Taco com arame farpado e inscrição "direitos humanos"  - Reprodução/Facebook
Taco com arame farpado e inscrição 'direitos humanos' Imagem: Reprodução/Facebook

Marie Declercq

Do TAB

14/06/2020 04h04Atualizada em 21/06/2020 19h19

Um taco de beisebol chamou a atenção entre um símbolo associado ao neonazismo e cartazes com pedidos de intervenção militar ostentados por alguns dos manifestantes reunidos na Avenida Paulista em 31 de maio. Empunhado por uma mulher que, segundo relatos, usou o bastão para inflamar os ânimos durante o ato das torcidas organizadas contra Jair Bolsonaro, ocorrido no mesmo dia, o apetrecho se destacou pela inscrição "Rivotril". Mesmo depois que sua dona foi conduzida para longe das manifestações por um PM, o bastão não foi confiscado.

Não é difícil encontrar tacos de beisebol com a inscrição "Rivotril" (ansiolítico com efeito sedativo) à venda na internet, e existem diversas opções na mesma linha. Em sites como Mercado Livre, pelo menos quatro anunciantes oferecem bastões de madeira maciça — inclusive envoltos em arame farpado, com inscrições como "diálogo", "respeito" ou até "direitos humanos".

Nesse universo, boa parte dos modelos fazem referência a séries e filmes cujos personagens usam os bastões como armas — como Negan, de "The Walking Dead", e Harley Quinn em "Esquadrão Suicida". Mas por trás de tacos com a inscrição "direitos humanos" há um longo histórico de tortura e outras formas de violência, especialmente as cometidas por agentes do Estado em presídios e centros de acolhimento para menores infratores.

Anúncio do taco 'direitos humanos' em site de vendas - Reprodução - Reprodução
Anúncio do taco 'direitos humanos' em site de vendas
Imagem: Reprodução

Capitalização de histórias de tortura e violência

Nos anos 1990, Júlio Lancellotti, padre e coordenador da Pastoral Povo da Rua, recebeu uma denúncia dos menores internos da antiga Febem (hoje, Fundação Casa) na cidade de São Paulo. Os menores relataram torturas com surras de porretes e cassetes personalizados pelos próprios agentes da unidade.
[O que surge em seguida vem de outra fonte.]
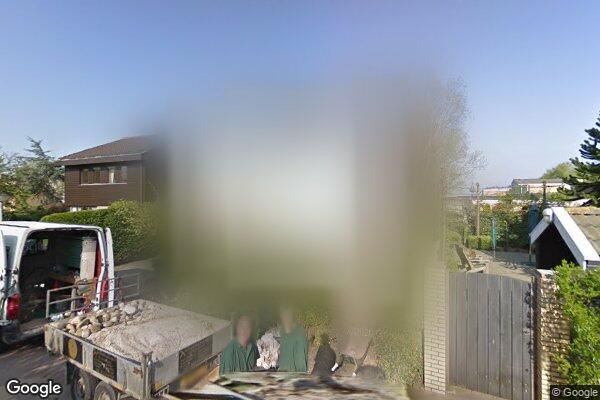 Straatview Kerkemeer 36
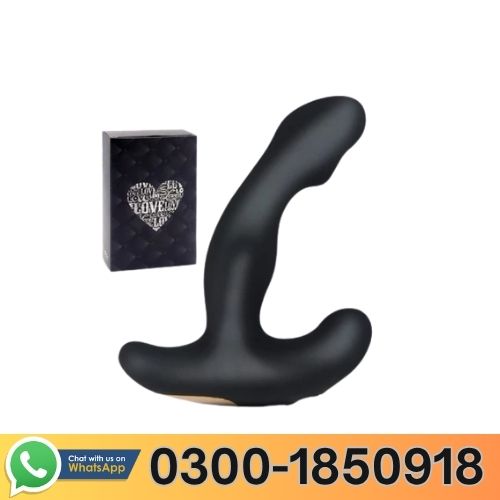 Porgasm Prostate Massager In Pakistan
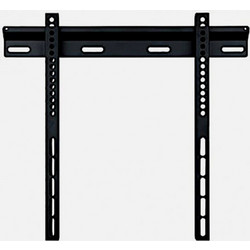 Techly ICA-PLB 114M Βάση Τηλεόρασης Τοίχου 23"-55" έως 45kg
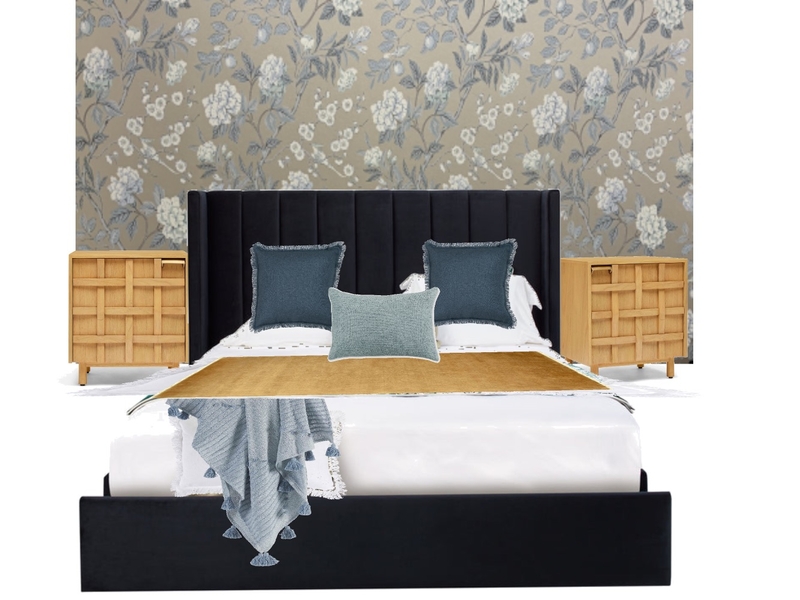 Sherrianne Mood Board by Goran on Style Sourcebook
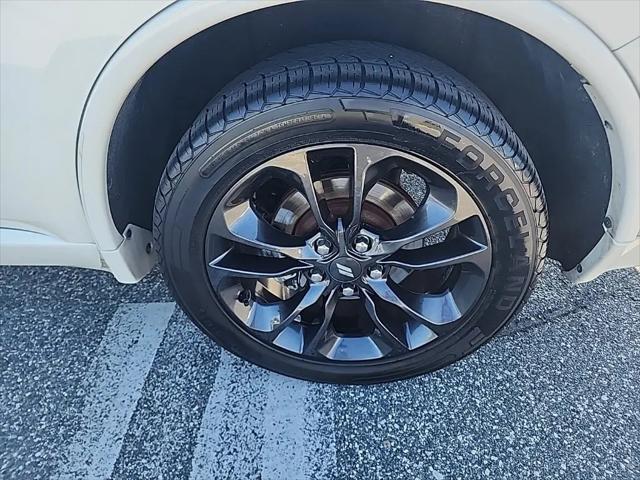 2022 Dodge Durango R/T Plus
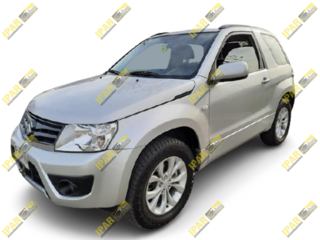 Manguera De Portafiltro* SUZUKI GRAND VITARA 2.4 J24B DOHC 16 VALV 4X4 2006 2007 2008 2009 2010 2011 2012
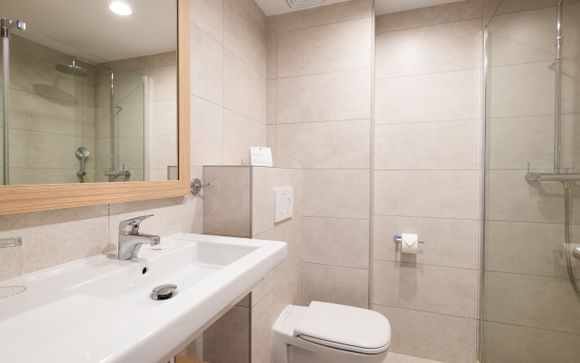 Ihr Zimmer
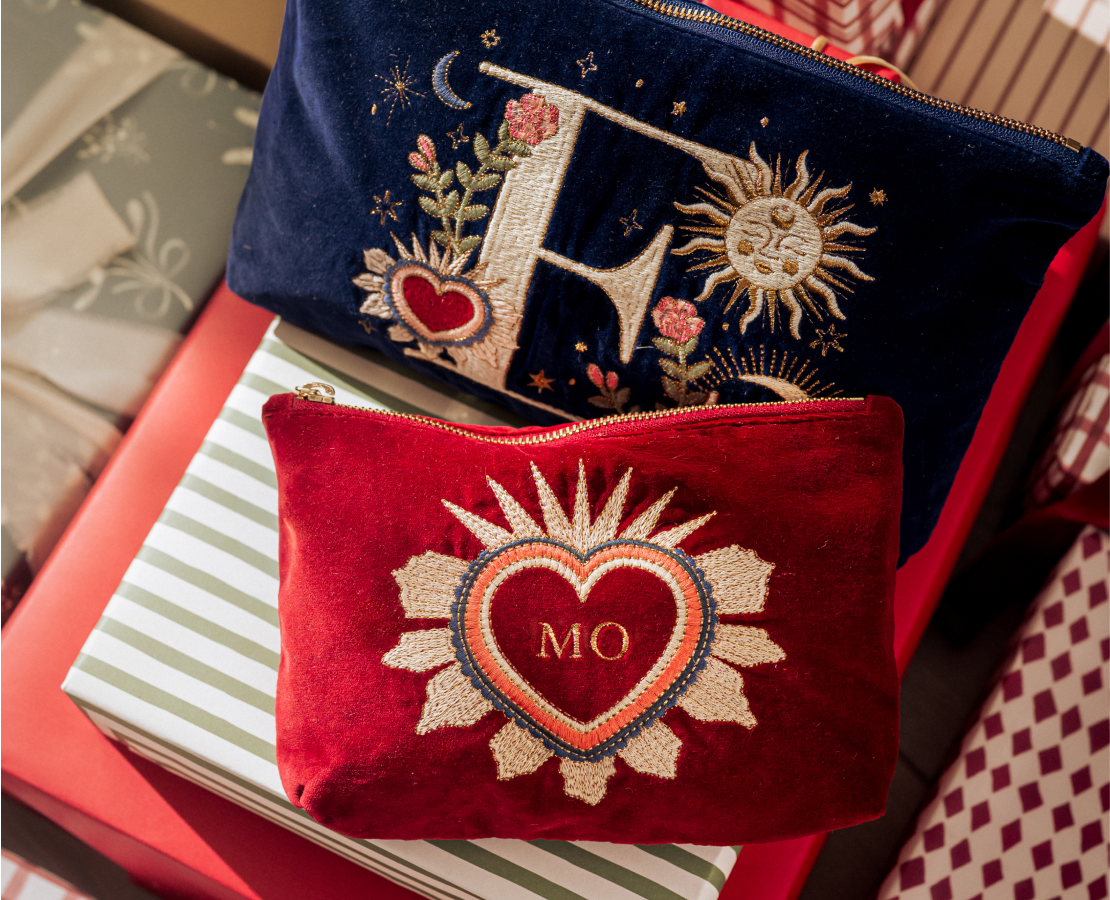 Thoughtful gifts for every personality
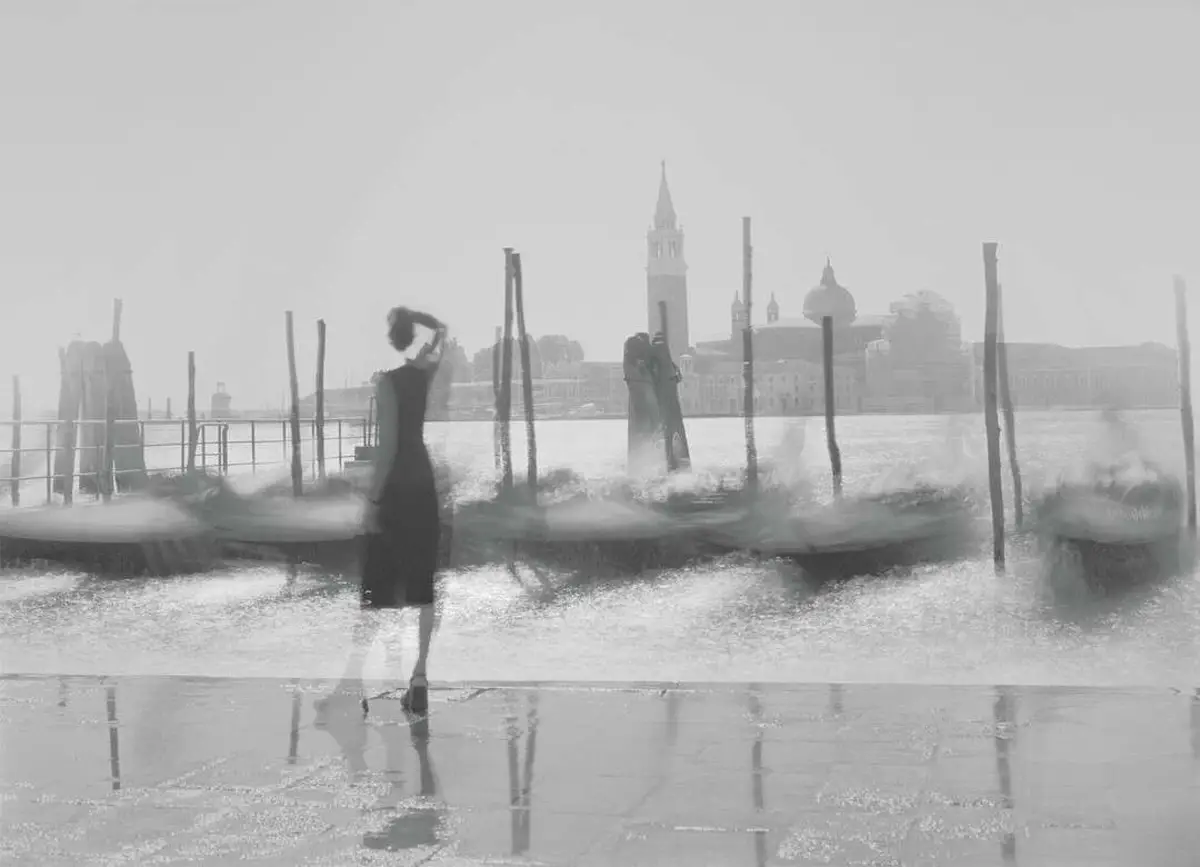 Alexey Titarenko - fotografia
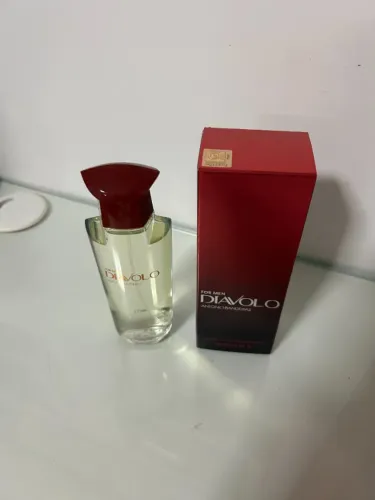 Banderas - Diavolo for Men - Eau de Toilette (100ml)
Segundo ele, os porretes foram customizados especialmente para a prática — e houve um cuidado em gravar, com um pirógrafo, inscrições como "ECA" (em referência ao Estatuto da Criança e do Adolescente), "direitos humanos" e alguns até com o nome de Lancelotti.

"Quando eles diziam que iam 'chamar o padre', traziam isso para torturar e bater neles. Em uma ocasião, descobri onde esses porretes estavam e, junto com uma amiga psicóloga, abrimos o armário e descobrimos um monte. Lembro de ter pego uma braçada e levado para o presidente da Febem na época, hoje falecido, que me dizia que era exagero as denúncias", relata ao TAB. "Era uma coisa bem premeditada, não era uma violência ocasional e esporádica".

Porrete era usado para torturar menores internados em um centro socioeducativo na Paraíba - Reprodução/MPF-PB - Reprodução/MPF-PB
Porrete era usado para torturar menores internados em um centro socioeducativo na Paraíba
Imagem: Reprodução/MPF-PB

Em 2010, no Espírito Santo, agentes de uma Unis (Unidade de Internação Socioeducativa) do município de Cariacica foram denunciados por torturas e maus-tratos contra menores, usando pedaços de madeira com inscrições "Pastoral do Menor". No ano de 2015, a história se repete. Após denúncias, o Conselho Nacional de Direitos Humanos encontrou porretes com a inscrição "direitos humanos" e "ECA" para torturar internos do Centro Educacional do Jovem (CEJ) no bairro de Mangueira, em João Pessoa (PB).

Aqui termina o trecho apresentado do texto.